Advertisement

All Seasons

Season 1

  • S01E01 Living Dangerously

    • October 7, 2015
    • BBC Two

    Lachlan Goudie visits the Ring of Brodgar in Orkney, a stone circle that has stood for thousands of years. He also encounters the Westray Wife, an ancient figurine on the island of Westray that is the oldest sculpted human figure in the British Isles. There is also a look at the sophisticated art of the Picts and the Gaels, the exuberant Renaissance period of the early Stuart kings, and the destruction of the Reformation, when religious artworks in Scotland were all but wiped out.

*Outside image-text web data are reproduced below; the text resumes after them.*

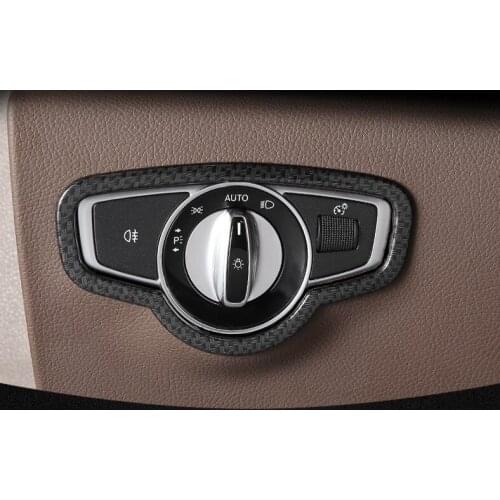 Fit For Benz new E-class special modified accessories e200l e300l interior new e headlamp adjustment panel decorative frame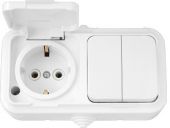 Блок 2кл + 1гн с 3/К о/у белый IP54 Пралеска Беларусь (1/25) Блок 2кл + 1гн с 3/К о/у белый IP54 Пралеска Беларусь (1/25)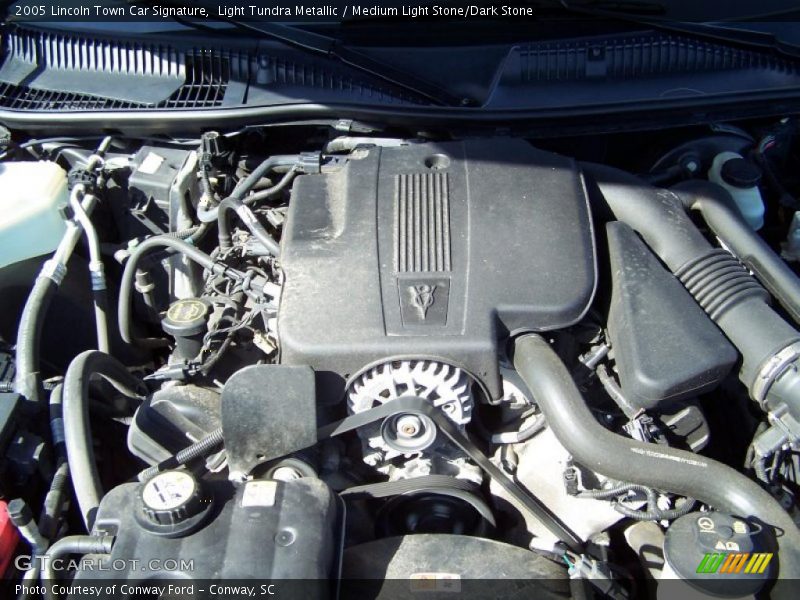 Light Tundra Metallic / Medium Light Stone/Dark Stone 2005 Lincoln Town Car Signature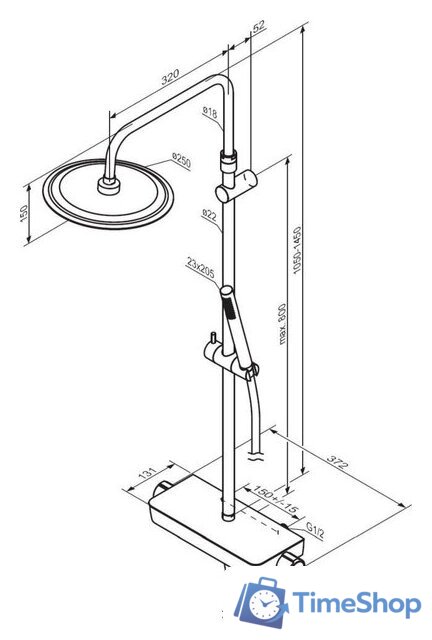 Душевая система  Damixa Scandinavian Pure 936750000 - Изображение №7 — Интернет-магазин Time-Shop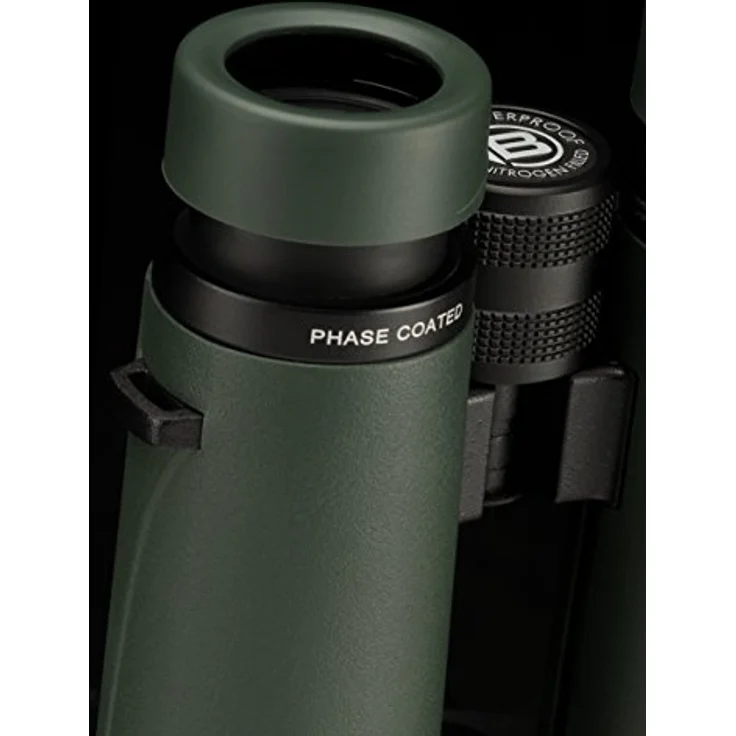 BRESSER Pirsch 10x42 Fernglas, Phasenvergütung, wasserdicht, BaK-4-Glas, Twist-up-Augenmuscheln – Bild 5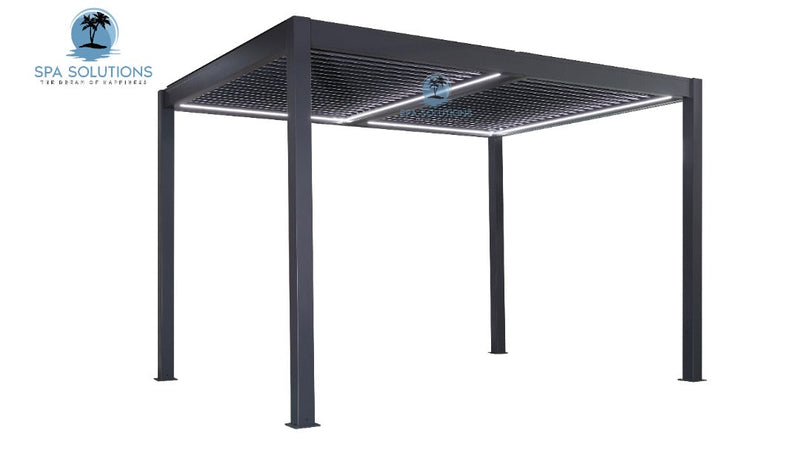 Spa Solutions Sky Pergola Skymotion LED aluminium Pergola 4M x 4M motorisé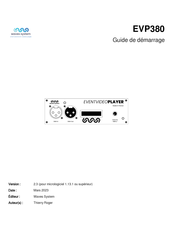 waves system EVP380 Guide De Démarrage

  • S01E02 Finding the Light

    • October 14, 2015
    • BBC Two

    The 18th century heralded the greatest blossoming of Scottish artistry in its history. The most powerful and influential figures in Britain clamoured to have their portraits painted by Allan Ramsey and Henry Raeburn and their houses designed by Robert Adam; they stood in awe at the epic Highland landscapes of Horatio McCulloch and wept at the sensitive genre paintings of David Wilkie. In this film Scots artist Lachlan Goudie explores how the intellectual revolution of the Enlightenment and the classical influence of the continent gave these artists the confidence and the inspiration to forge a whole new artistic landscape. From dusty storerooms of Edinburgh to the dazzling antiquities of ancient Rome this will be a journey of startling contrasts: between the past and the future, between the forces of reason and romance, between Presbyterian restraint and unfettered emotion. Out of the ashes of the Reformation a new culture identity was beginning to emerge and it was built on art.

  • S01E03 Rebel Hearts

    • October 21, 2015
    • BBC Two

    In this film artist, Lachlan Goudie, explores how, at the turn of the 19th century, Scotland's artists challenged the traditions they had inherited and, embracing new ways of seeing and painting from the Continent, revolutionised Scottish art. From the Glasgow Boys' intimate rural realism, to Arthur Melville's brilliantly experimental watercolours; from Hill House, Charles Rennie Mackintosh's 'total work of art', to J.D Fergusson's pioneering Scottish modernism, this generation transformed the way we saw Scotland's landscape and identity.

  • S01E04 Long Horizons

    • October 28, 2015
    • BBC Two

    The climactic episode of this landmark series explores how, over the last 100 years, Scottish art has wrestled as never before with questions of identity and exploded like a visual firecracker of different ideas and styles. During the last century, Scottish artists embroiled themselves with some of the most exciting and dynamic art movements ever seen - provoking, participating and creating stimulating works of art that have left an extraordinary legacy. Lachlan Goudie discovers how artists such as William McCance attempted to bring about a Scottish renaissance in the visual arts, while a creative diaspora of artists such as Alan Davie and William Gear would court controversy and play vital roles in the revolutions of postwar art. Long before the 'Glasgow Miracle', the Glasgow School of Art was responsible for upholding a very different kind of tradition, of which Lachlan's father was proud to be a part. He discovers how artists such as Joan Eardley helped to bring the city to life, just as John Bellany did for the fishing villages of the east coast. Rebels such as Bruce McLean help explain how conceptual art would come to play such a large role in the Scottish art of today, and Lachlan meets one of the world's most expensive living artists, Peter Doig, to delve into the complexities of what it actually means to be a Scottish artist in today's market-dominated art world. He finishes his epic journey on the Isle of Lewis with a powerful call to arms for the continued relevance of Scottish art today.